Joining a Table to Itself

Problem

You need to produce a subset of information that is based on the relationship between columns in the same table.

Solution

You can join the table to itself by creating the second version of the table with an alias. Then, you can create a query to compare data from columns in the original table to other columns in the aliased table.

Tasks

Join the Table to Itself

Perform the following steps to join a table to itself and use the resulting hierarchy of tables in a query:
  1. Create an SQL query in an empty job. The query should contain the SQL Join transformation, at least one source table, and a target table.
  2. Open the Designer window for the SQL Join transformation. Click Create in the Navigate pane to access the Diagram tab and the SQL Clauses pane.
  3. Drop the same table that was used as a source table for the query in the Diagram tab.
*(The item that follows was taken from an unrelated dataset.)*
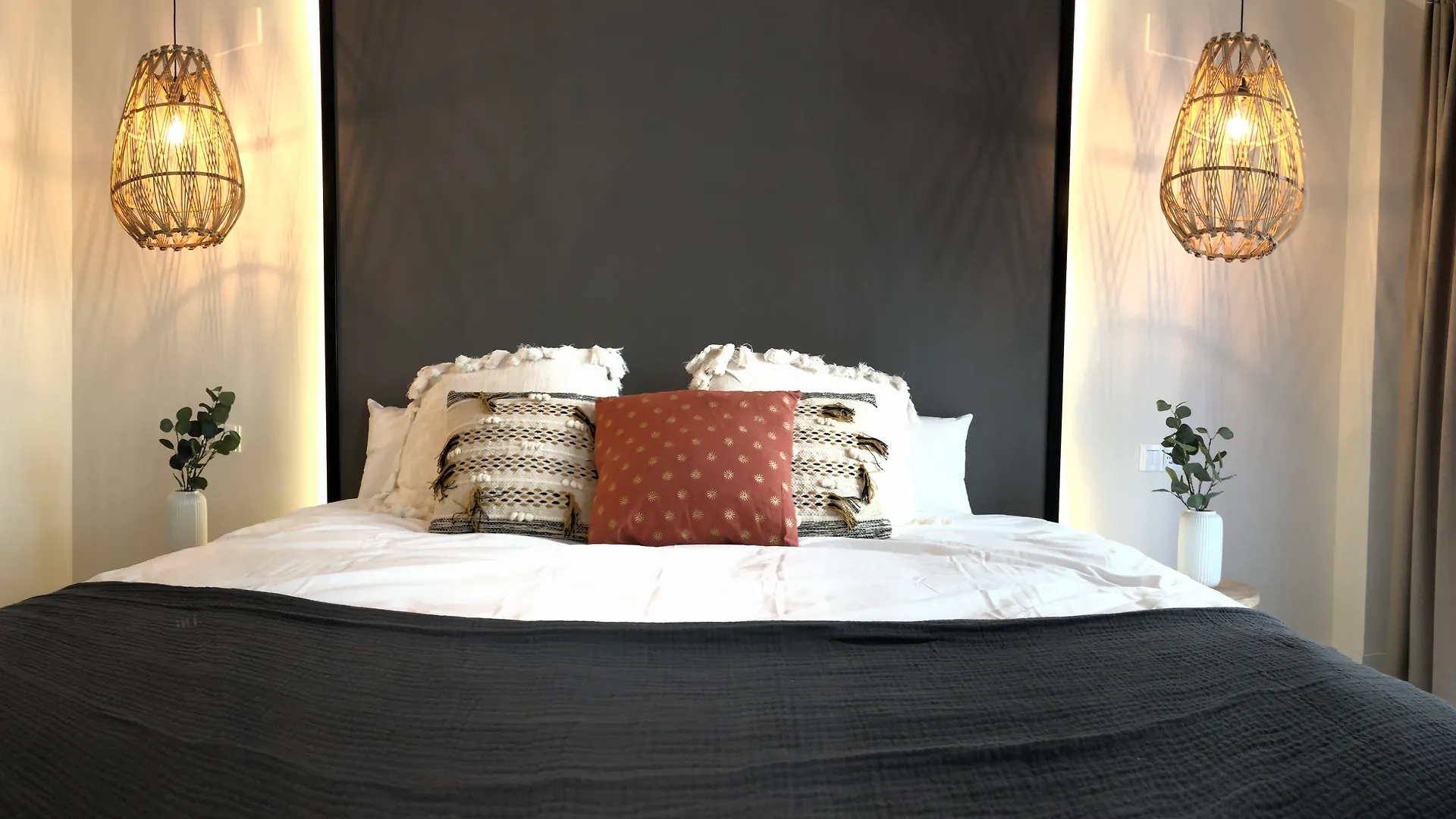 Apartamentos Magna Sevilla Seville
You are prompted to supply an alias for the table because it is already being used as a source table for the query. Enter the alias in the Alias field of the properties pane for the table. The dialog box for the alias is shown in the following display.
    Self-Join Alias Dialog Box
    Self-Join Alias Dialog Box
  4. Complete any additional configuration needed to finish the query. The following display shows a sample job that includes a table joined to itself.
    Sample Job with a Table Joined to Itself
    Sample Job with a Table Joined to Itself
The tables in the flow shown on the Diagram tab are reflected in the FROM clause that is highlighted on the Code tab below it. The query that is shown in the sample job pulls the Name variable from the original table (denoted with the us alias). However, it pulls the Population and Area variables from the copy of the original table (denoted with the uscopy alias).